That's not a "crazy behavior", it's a limitation of the algorithm they use. mt_rand() only has approx. 2^32 possible seeds; why would you expect it to support ranges larger than 2^32?
> why would you expect it to support ranges larger than 2^32?
Because this is not a simple, stupid linear congruential generator. mt_rand(), is, as I understand it, based on Mersenne Twister, a well-regarded generator which has a period of 2^19937. And if PHP had done this right, mt_rand() would be seedable with an array of some 624 integers.
Mersenne Twister has an alternative "classic" seeding algorithm, drawn from Knuth, to be compatible with old-style generators. This algorithm takes a 32-bit seed. Apparently that's all that PHP is supplying.

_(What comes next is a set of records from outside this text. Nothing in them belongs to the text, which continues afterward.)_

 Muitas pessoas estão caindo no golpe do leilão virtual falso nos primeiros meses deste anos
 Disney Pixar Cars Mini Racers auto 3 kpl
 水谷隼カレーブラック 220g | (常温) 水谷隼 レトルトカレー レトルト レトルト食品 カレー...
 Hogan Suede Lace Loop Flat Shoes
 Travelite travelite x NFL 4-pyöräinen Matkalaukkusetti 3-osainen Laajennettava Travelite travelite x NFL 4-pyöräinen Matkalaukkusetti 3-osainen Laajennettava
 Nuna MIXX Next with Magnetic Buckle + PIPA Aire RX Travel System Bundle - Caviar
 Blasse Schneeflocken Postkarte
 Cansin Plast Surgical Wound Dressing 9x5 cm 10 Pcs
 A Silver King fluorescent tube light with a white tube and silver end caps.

It's dead simple to do random(n) uniformly. When I heard that some language implemented a function called mt_rand() which was hilariously broken in this respect, the first thing that came to my mind was "that's gotta be PHP". And it was.
If we were talking about C this would be called undefined behavior. If you don't satisfy the preconditions before calling a function then the not only is the output invalid but the entire program which uses it is invalid too.

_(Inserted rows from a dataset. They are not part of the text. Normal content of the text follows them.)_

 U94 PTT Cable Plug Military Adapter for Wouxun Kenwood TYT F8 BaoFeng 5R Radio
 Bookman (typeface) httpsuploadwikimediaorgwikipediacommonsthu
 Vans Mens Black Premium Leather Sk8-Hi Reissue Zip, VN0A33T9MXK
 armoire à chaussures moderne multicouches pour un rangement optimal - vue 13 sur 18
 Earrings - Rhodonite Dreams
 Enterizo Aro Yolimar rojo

I don't think a language like PHP, or indeed anything written in it, should have undefined behavior but I'm not the author of the library.
"Fixing" broken data silently is tremendously bad behaviour in general because you can't possibly know whether the caller knew that they were providing invalid data and whether the caller is going to be happy with your fix.
If you expect input parameters in some range and you get values out of that range, then you blow up. You don't silently truncate anything and you certainly don't reduce the entropy of your random number generator by nearly 50%.
This was my main doubt about PHP 7's scalar types, which will autocast values into the desired types. I don't expect the caller to know better than the callee what are the method's boundaries, and once casted you may not be able to see if the input was garbage. But yeah, when something breaks the method's author can wash their hands.
If the user asked for more bits of randomness, they need to generate more bits. They could have chosen a different algorithm, or perhaps called the random number generator twice and concatenated the bits. Scaling up is clearly the wrong thing to do.
It also makes me wonder how it behaves for numbers below the limit. I would wager that there's substantial bias in the results if you ask for a max of, say, 2^31 + 2^30.
This. Documenting odd behavior like this isn't an excuse for having odd behavior. It should just be changed to fail on bad input. It's not even a breaking change (apart from code already using it with bad input).
The best thing to do is to not use mt_rand().